EXERCISE:
From the first line down to the one containing "Album cover art", reproduce the entries below exactly and leave out the pictures.

ENTRIES SHOWN:
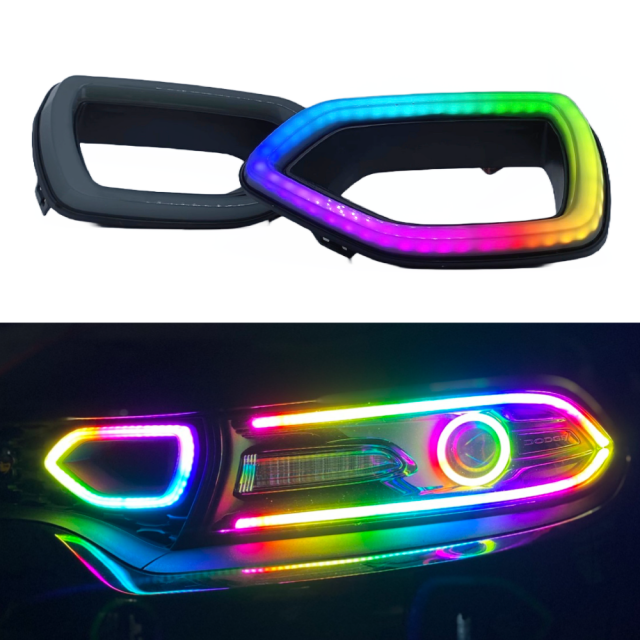 Lighting Trendz 2015-2024 Dodge Charger Pre-Built Diffused Snorkel Lights - Image 5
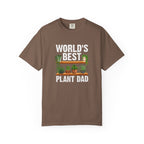 World's Best Plant Dad T-shirt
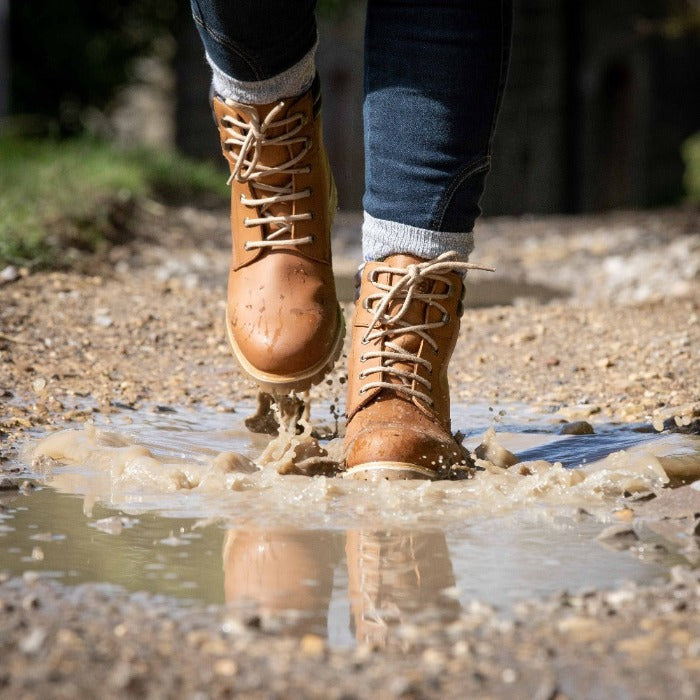 Bareback Footwear Rocky Winter Waterproof Boots Mocha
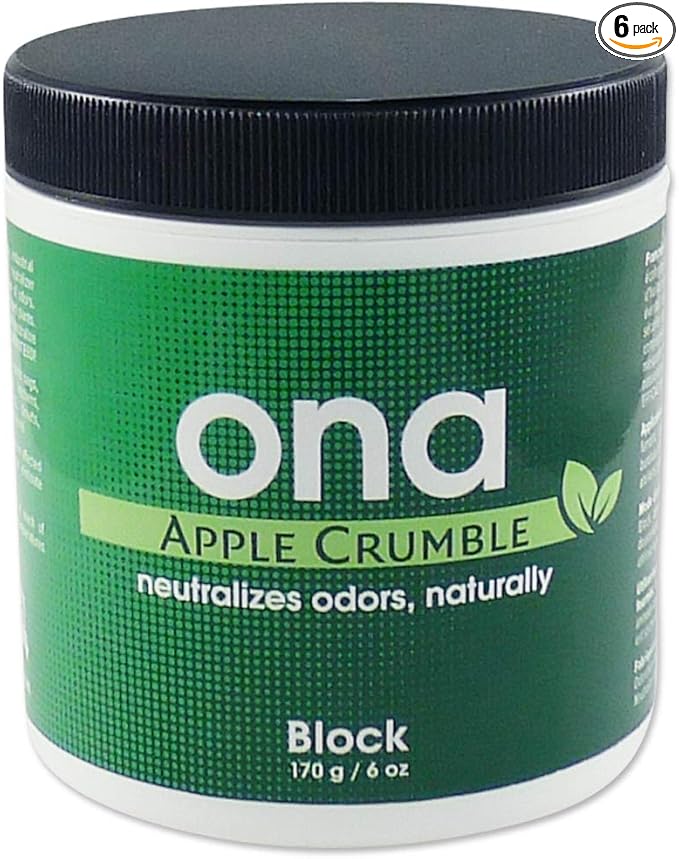 ONA Odor Neutralizer Block Apple Crumble anti-odor (170g)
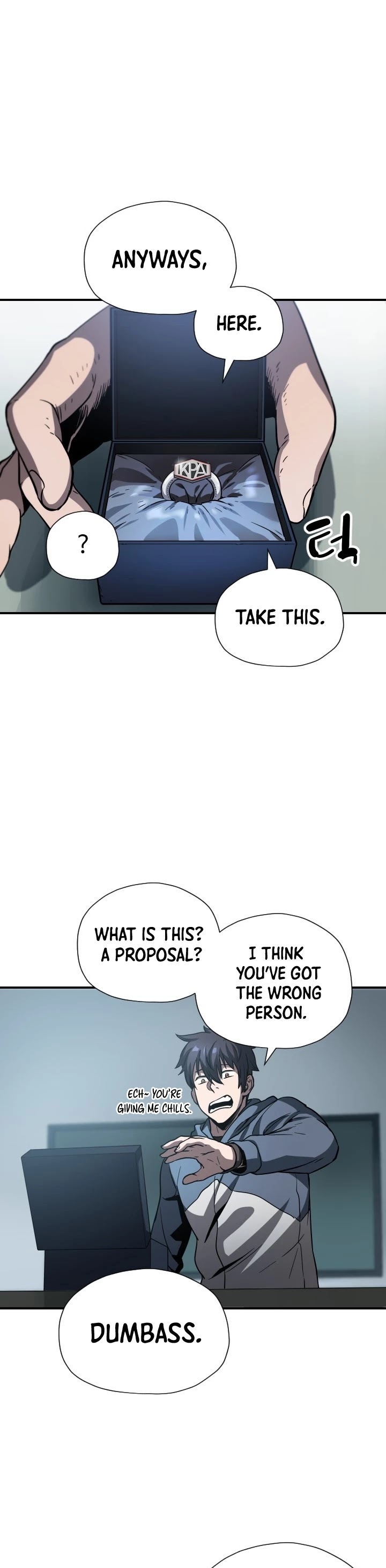 The Player That Can't Level Up Chapter 27 page 7 - Chapter 27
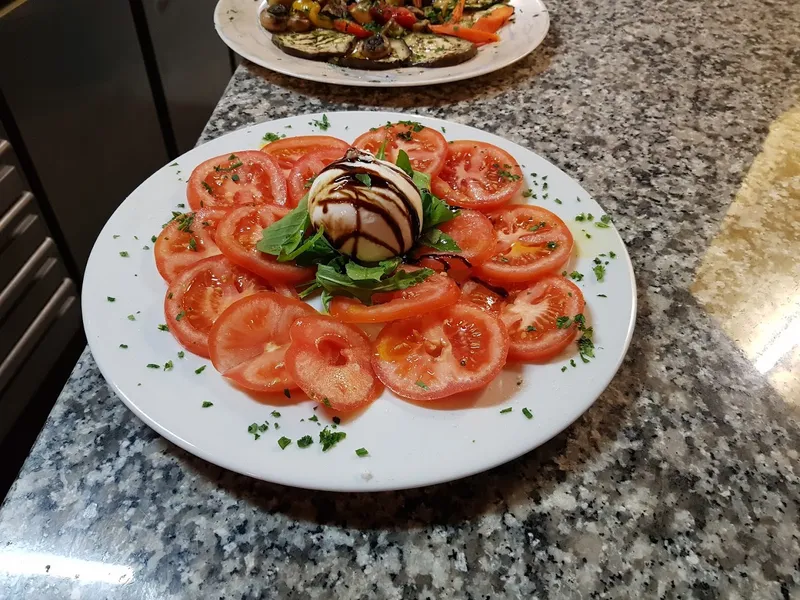 menu 1 of Trattoria Roma Sparita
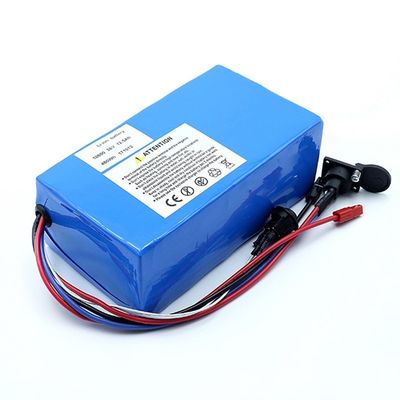 Paquete de batería de polímero de litio SGS 13s 48v 24Ah 21700 BIS MSDS IEC62133 Rohs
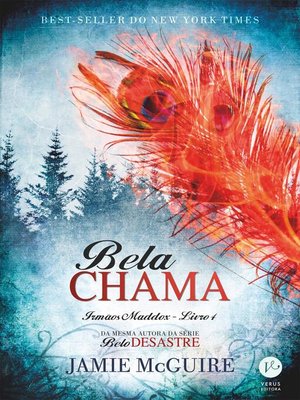 cover image of Bela chama--Irmãos Maddox--Volume 4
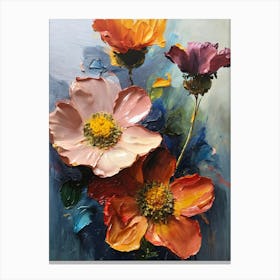 Cosmos 5 Canvas Print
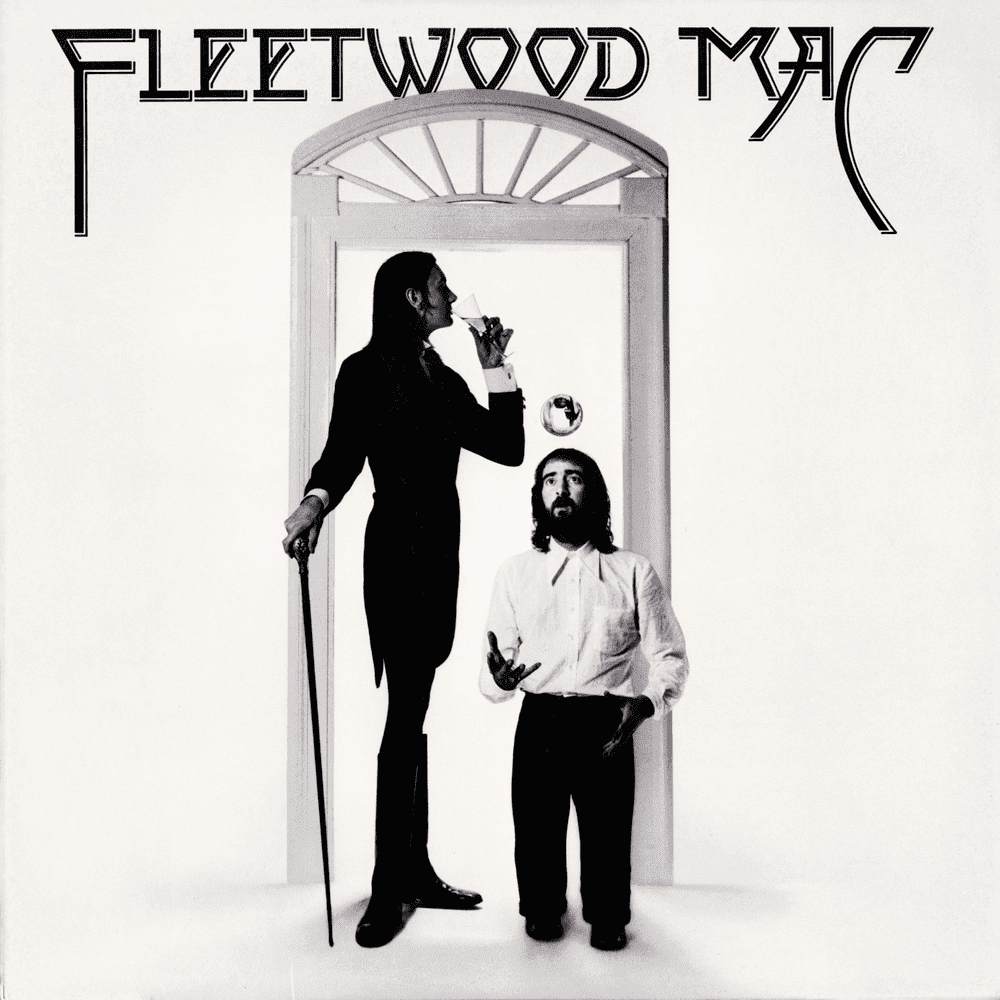 Album cover art for "Landslide" by Fleetwood Mac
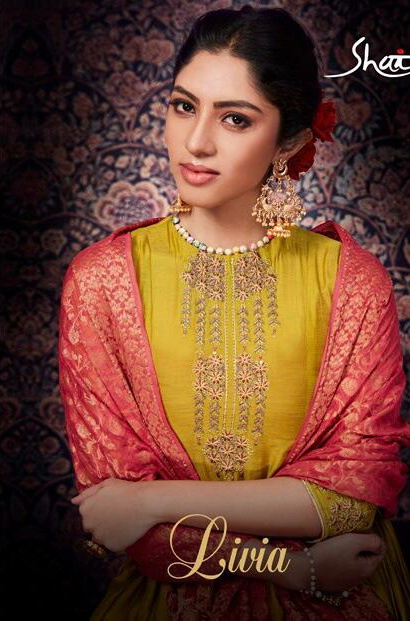 Shai Livia designer party wear salwar suit catalogue at best price surat
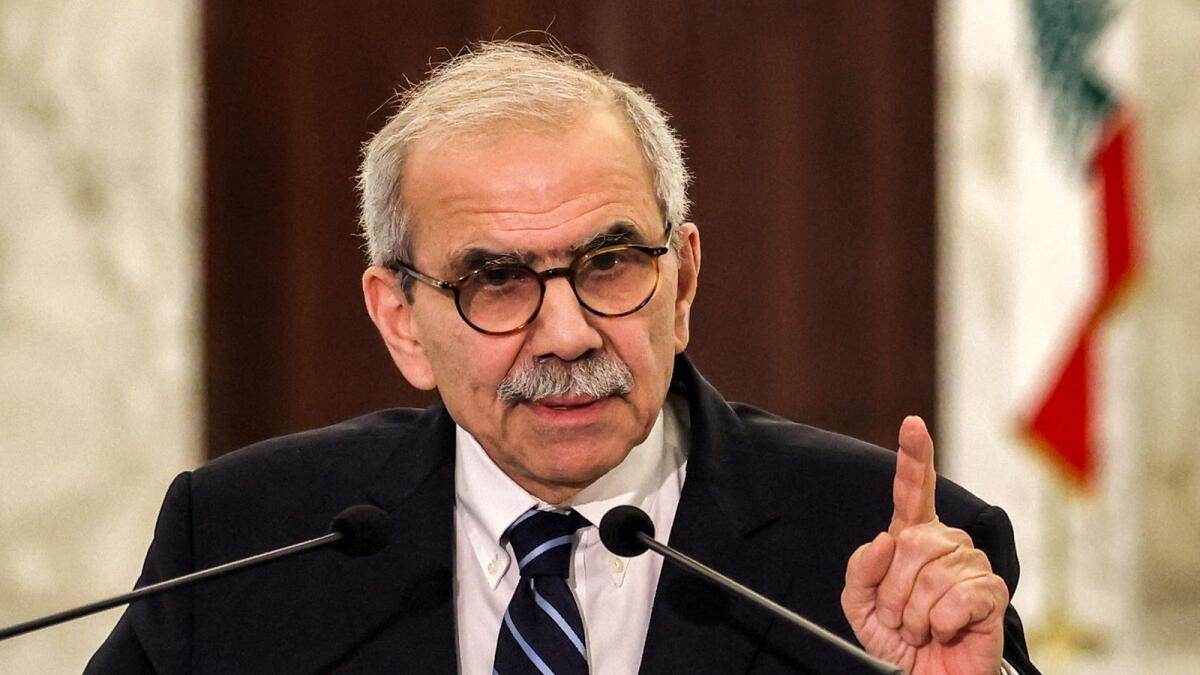 Lübnan'ın Yeni Başbakanı, Ülkeyi Kurtarmak için Her Tarafa Uzandığını Söyledi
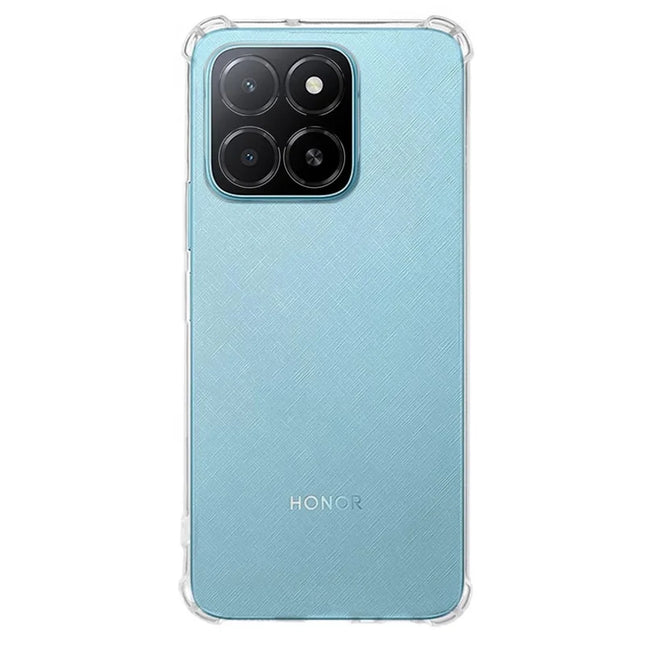 For Honor X5b Plus Clear Phone Case KALEBOL KLB-TPU001 1.5mm TPU Shockproof Phone Cover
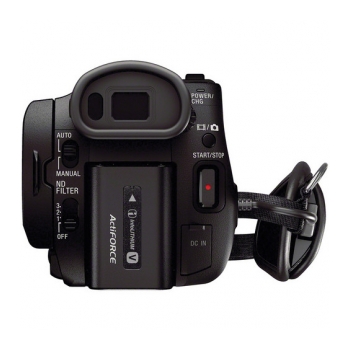 SONY FDR-AX100  Filmadora 4K com 1CCD Ultra HD SDHC  - foto 8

RESULT:
 Lighting Trendz 2015-2024 Dodge Charger Pre-Built Diffused Snorkel Lights - Image 5
 World's Best Plant Dad T-shirt
 Bareback Footwear Rocky Winter Waterproof Boots Mocha
 ONA Odor Neutralizer Block Apple Crumble anti-odor (170g)
 The Player That Can't Level Up Chapter 27 page 7 - Chapter 27
 menu 1 of Trattoria Roma Sparita
 Paquete de batería de polímero de litio SGS 13s 48v 24Ah 21700 BIS MSDS IEC62133 Rohs
 cover image of Bela chama--Irmãos Maddox--Volume 4
 Cosmos 5 Canvas Print
 Album cover art for "Landslide" by Fleetwood Mac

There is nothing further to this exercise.